No dia 11 de janeiro de 2015 eu descobri que a felicidade existe e está presente no agora. Esse dia é apenas um marco, pois durante todos os dias do meu acampamento, eu ia descobrindo a possibilidade e a realidade que é ser feliz.
O Acamp’s de 2015, foi o meu primeiro acampamento e desde então, apesar das dores, dificuldades e problemas da vida, eu fui feliz, eu sou feliz e sei que em Deus todas as coisas se resolvem e se ajustam. O Acampamento de Jovens me mostrou que a felicidade não é uma meta a ser alcançada no futuro, é uma graça dada por Deus, um presente para hoje que todos os dias pode ser vivido, porque, na verdade, a felicidade é o próprio Cristo.
Vocação: ser plenamente feliz
Desde aquele Acamp’s, participei de outros 10 Acampamentos e em todos, pude me recordar que a verdadeira alegria vem de Deus e nada pode roubá-la. Santa Teresinha nos diz que a vocação é o Amor, e eu, ouso aproveitar a sua frase para dizer: A minha vocação é a Felicidade em Cristo. Foi para isso que Deus me criou.

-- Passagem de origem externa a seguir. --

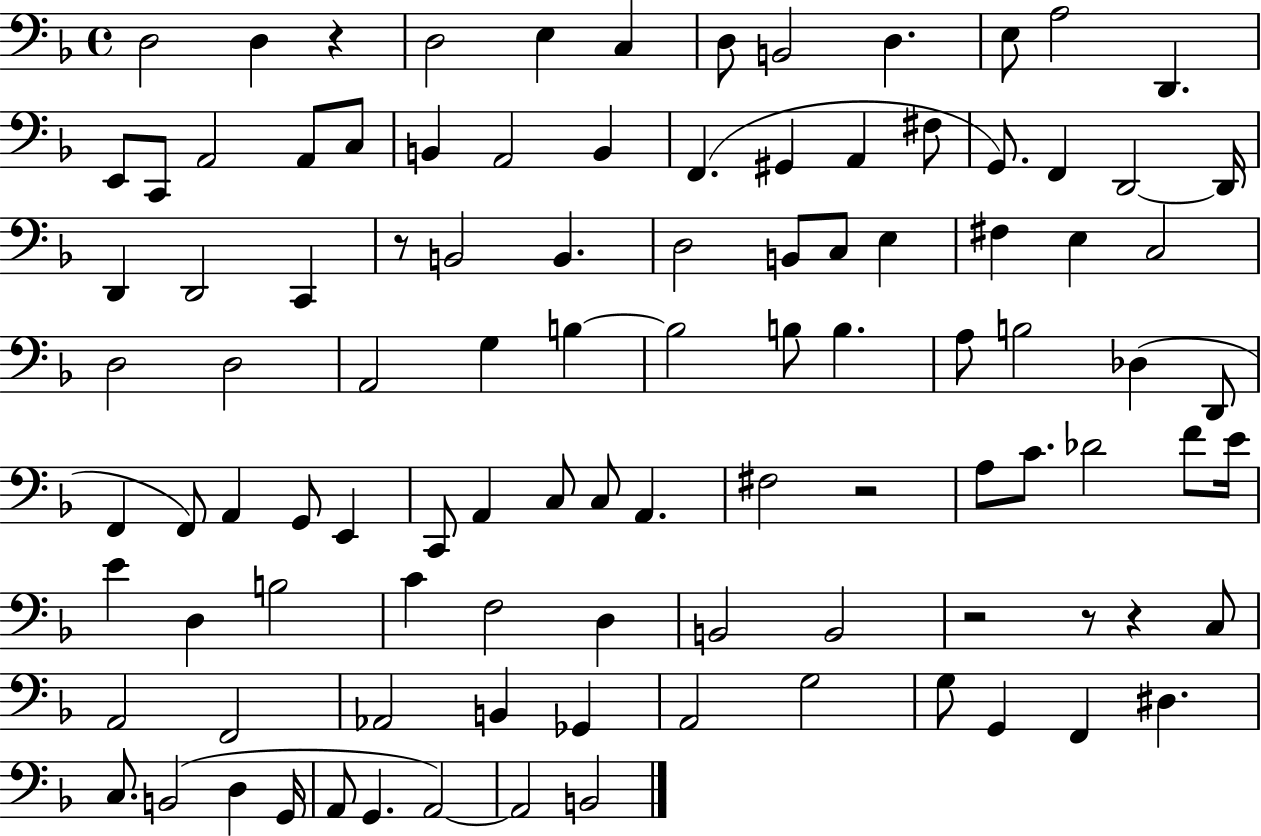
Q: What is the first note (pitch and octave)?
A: D3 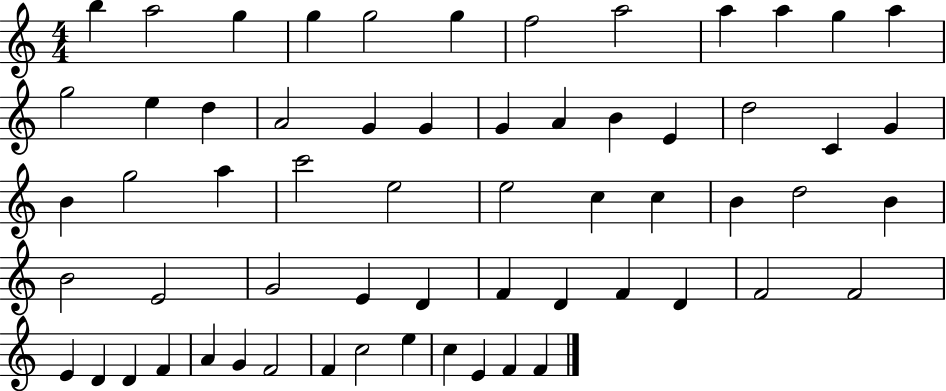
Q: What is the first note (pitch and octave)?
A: B5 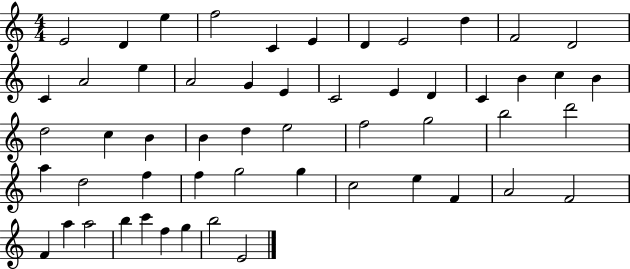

Além da oportunidade de conhecer Deus e descobrir que posso e mereço ser feliz, o Acampamento me mostrou a alegria do serviço, me mostrou que existe mais alegria em dar, do que em receber. Em 11 acampamentos, já pude servir em diversas equipes. Estrutura, lazer, apoio, comissão, além de bicos nas mais diversas áreas. Arrisco dizer que apenas as áreas que exigem um talento natural como dança e música nunca me viram por lá.
Deus me vê
Em todos esses anos, o serviço me ensinou que não existe ninguém que não possa ter a sua utilidade potencializada por Deus. Depois que perdi a oportunidade de ser jogador de futebol, muitas vezes me senti inútil por não alcançar um objetivo que queria tanto. O serviço foi uma das ferramentas usadas por Deus para me mostrar cada talento que ele me deu, e principalmente, que cada talento pode ser potencializado pela graça de Deus. Na verdade, como diz Santa Teresinha, sem Amor (ou seja, sem Deus) todas as obras são inúteis, até as mais grandiosas.
Não é por acaso que Santa Teresinha foi citada duas vezes nesse testemunho. No meu último serviço, recebi o convite para ser pai de família e pai da família Lisieux, a família apadrinhada por Santa Teresinha. Nesse serviço, a Santa de Lisieux me deu não uma rosa, mas 34 rosas. Cada um daqueles jovens que eu pude tocar em suas particularidades, experiências, qualidades, medos foi um verdadeiro presente de Deus.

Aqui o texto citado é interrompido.